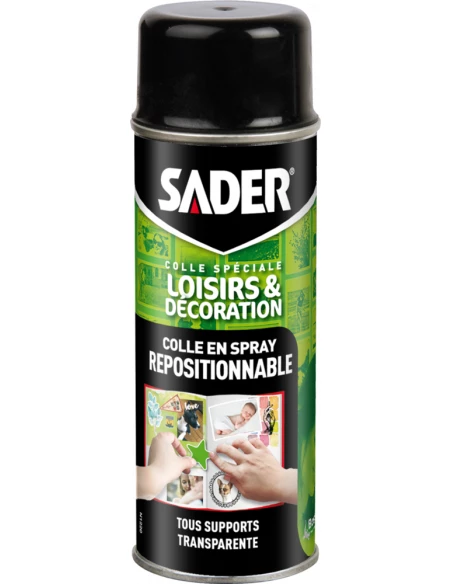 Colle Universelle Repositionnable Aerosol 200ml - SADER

|---|

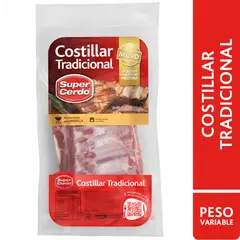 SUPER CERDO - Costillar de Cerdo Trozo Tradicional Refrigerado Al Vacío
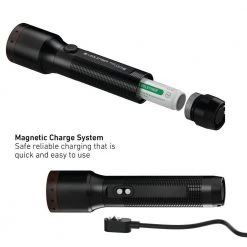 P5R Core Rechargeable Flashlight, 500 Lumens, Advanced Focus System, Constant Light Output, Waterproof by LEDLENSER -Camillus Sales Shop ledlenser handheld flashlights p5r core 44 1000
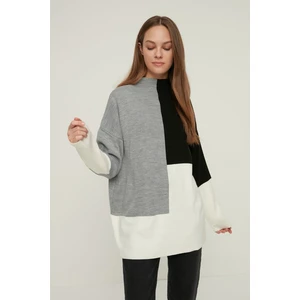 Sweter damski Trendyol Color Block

|---|

-- Directions --
Look above for the line with "P5R Core Rechargeable" and the line with "Sweter damski Trendyol Color Block"; set down those two lines and all lines between them exactly, without pictures and without anything else.

-- Expected output --
 P5R Core Rechargeable Flashlight, 500 Lumens, Advanced Focus System, Constant Light Output, Waterproof by LEDLENSER -Camillus Sales Shop ledlenser handheld flashlights p5r core 44 1000
 Sweter damski Trendyol Color Block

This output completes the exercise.